- **TASK**:
Each word in the data below should be copied exactly; the images should not.

- **DATA PROVIDED**:
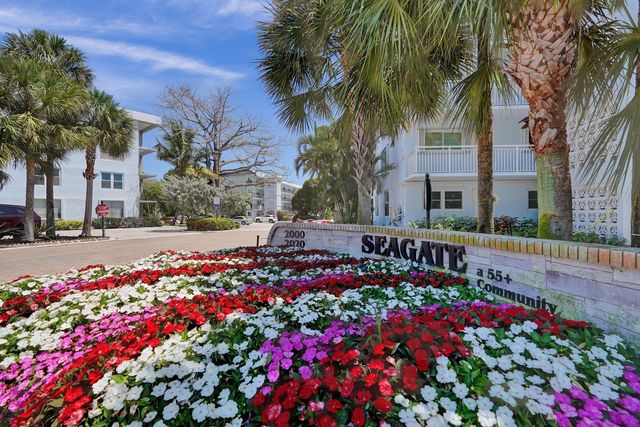 2000 S FEDERAL Highway #307, Boynton Beach, FL 33435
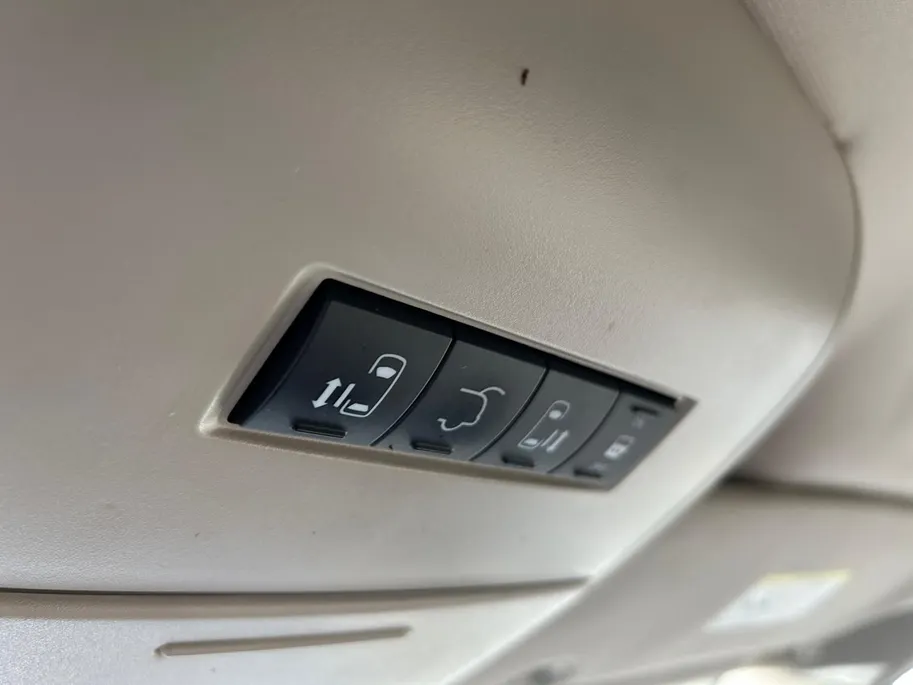 Chrysler Town & Country 3.6 V6 | 7p. | Automaat! | Elek. schuifdeuren | Climate control | Leder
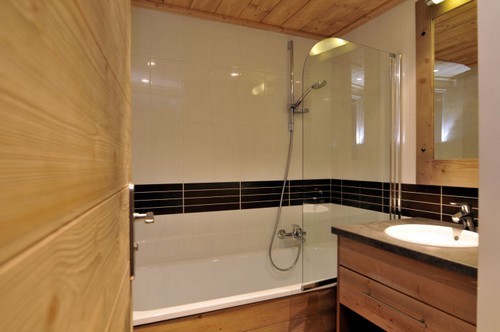 risoul-hebergement-deneb-4-personnes-salle-de-bain-5399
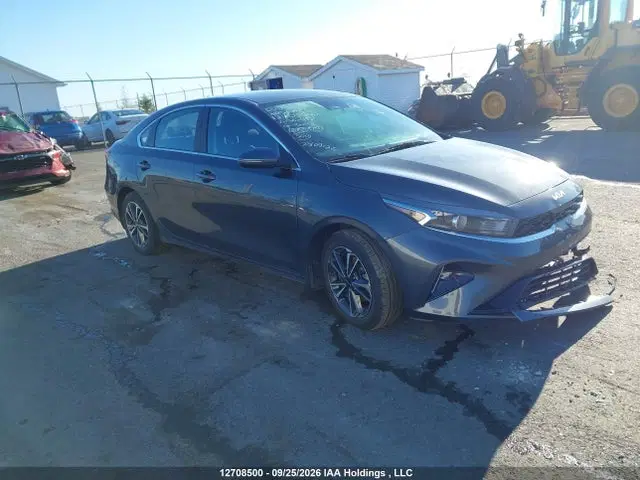 3KPF34AD1PE560458 — 2023 Kia Forte EX/EX Premium/ex+/GT-Line, Передняя часть (Front), фото до ремонта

- **TASK RESULT**:
 2000 S FEDERAL Highway #307, Boynton Beach, FL 33435
 Chrysler Town & Country 3.6 V6 | 7p. | Automaat! | Elek. schuifdeuren | Climate control | Leder
 risoul-hebergement-deneb-4-personnes-salle-de-bain-5399
 3KPF34AD1PE560458 — 2023 Kia Forte EX/EX Premium/ex+/GT-Line, Передняя часть (Front), фото до ремонта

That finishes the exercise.